Ces dernières années, les entreprises technologiques excellent dans la création d'« avantages » pour les employés, qui masquent en réalité des stratégies insidieuses pour maximiser la productivité à moindre coût. Les « congés illimités » découragent les véritables pauses, tandis qu'un programme de bien-être peut justifier l'exclusion de la couverture santé. La série Indemnité, créée par Dan Erickson, réalisée par Ben Stiller et diffusée sur Apple TV+, imagine l'ultime leurre : une séparation totale entre vie professionnelle et personnelle, menant à un enfer de labeur perpétuel.

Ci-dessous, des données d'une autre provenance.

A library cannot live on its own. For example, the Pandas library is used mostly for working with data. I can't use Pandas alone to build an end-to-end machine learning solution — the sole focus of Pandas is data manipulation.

Mark Scout (Adam Scott, vu dans Parcs et Loisirs) est employé de bureau chez Lumon, géant technologique aux ambitions tentaculaires. Comme ses collègues, il a subi une chirurgie cérébrale appelée « séparation », divisant sa conscience en deux entités distinctes : l'une pour le travail (« innie »), l'autre pour la vie extérieure (« outie »). Chaque matin, l'« outie » descend en ascenseur au bureau ; le soir, il remonte sans souvenir des heures écoulées. L'« innie » n'existe qu'au sein des couloirs stériles et labyrinthiques de Lumon.
Cette idée séduisante – s'évaporer pendant les heures de travail – se révèle monstrueuse. La nouvelle recrue Helly (Britt Lower, High Maintenance) l'apprend vite : les « innies » sont prisonniers, sans contrôle sur leur existence. Ils ne peuvent démissionner seuls, ignorent le monde extérieur et equated la sortie définitive à la mort.

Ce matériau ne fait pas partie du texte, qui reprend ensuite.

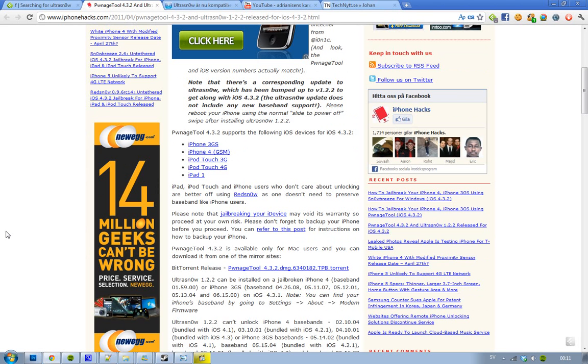But it's supporting, Pawnage 4.3.2 is supporting the iPhone 3GS, the iPhone 4 GSM version, not the CDMA version, the iPod Touch 3G, the iPod Touch 4G, and iPad 1. No iPad 2 support.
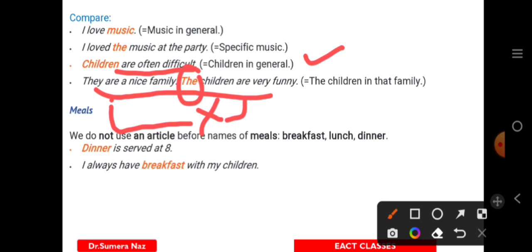When you make something specific, you use article 'the'; for first mention or indefinite reference, you use A or AN. Regarding meals — lunch, dinner, breakfast — never use any article with them. You cannot say 'the dinner,' 'a lunch,' or 'a breakfast.' Always omit articles with meal names.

Indemnité est un thriller au ton précaire, oscillant entre horreur, comédie et satire acerbe de la culture d'entreprise. Les rires naissent de l'ignorance des « innies » ou de l'absurdité sectaire de Lumon, exagérant à peine la réalité. Mais domine une terreur familière : celle d'un emploi aliénant sans issue. Pour les « innies », le verdict est clair : « Oui, c'est tout ce qu'il y a. » Leur tâche, simpliste au possible, devient une éternité sans retour.

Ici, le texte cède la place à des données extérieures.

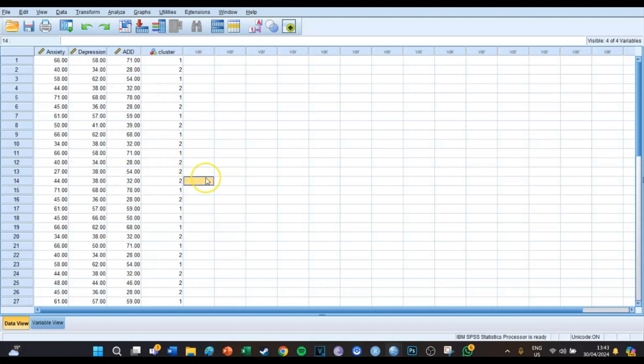So to sum it up, you can use the two-step clustering to let SPSS determine how many clusters there are, and it gives a lot of information and graphs. So I personally prefer the two-step clustering.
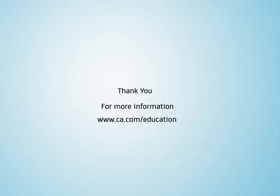Thank you for watching this video. For more information, visit www.ca.com/education.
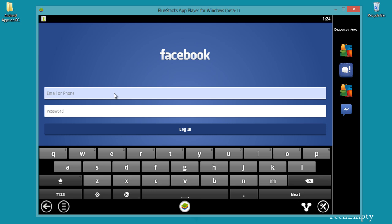Here is a Facebook application for Android and we installed this on Bluestacks app layer. So just log in to use your Facebook.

Les deux premiers épisodes, « Good News About Hell » et « Half Loop », alternent bureau et monde réel. Le premier pose les bases et explore les motivations de Mark : son « innie » est résigné, son « outie » veuf et déprimé, trouvant refuge dans l'oubli diurne. Adam Scott excelle à différencier ces deux facettes, enrichissant le dilemme moral.
Au bureau, l'équipe de « Macrodata Refinement » : Irving (John Turturro), vétéran attaché aux règles ; Dylan (Zach Cherry, You), obsédé par les maigres récompenses ; Helly, rebelle en quête d'évasion. Leur supérieure, Mme Cobel (Patricia Arquette, Moyenne), plane dans l'ombre, secondée par le manager Mr. Milchick (Tramell Tillman, Godfather of Harlem), incarnation passive-agressive de la loyauté corporate. Également introduits : la thérapeute Mme Casey (Dichen Lachman, Altered Carbon) et Burt (Christopher Walken).
Si le bureau souterrain captive par son style unique, le monde « outie » installe un mystère via Petey (Yul Vazquez, Russian Doll), ex-« innie » réintégré. Espérons qu'il gagne en intensité.
Indemnité n'invente pas la roue – échos à Paycheck de Philip K. Dick, Loki, Black Mirror ou Sorry to Bother You – mais excelle en science-fiction sociale stimulante. Une recommandation forte pour cette plongée intrigante.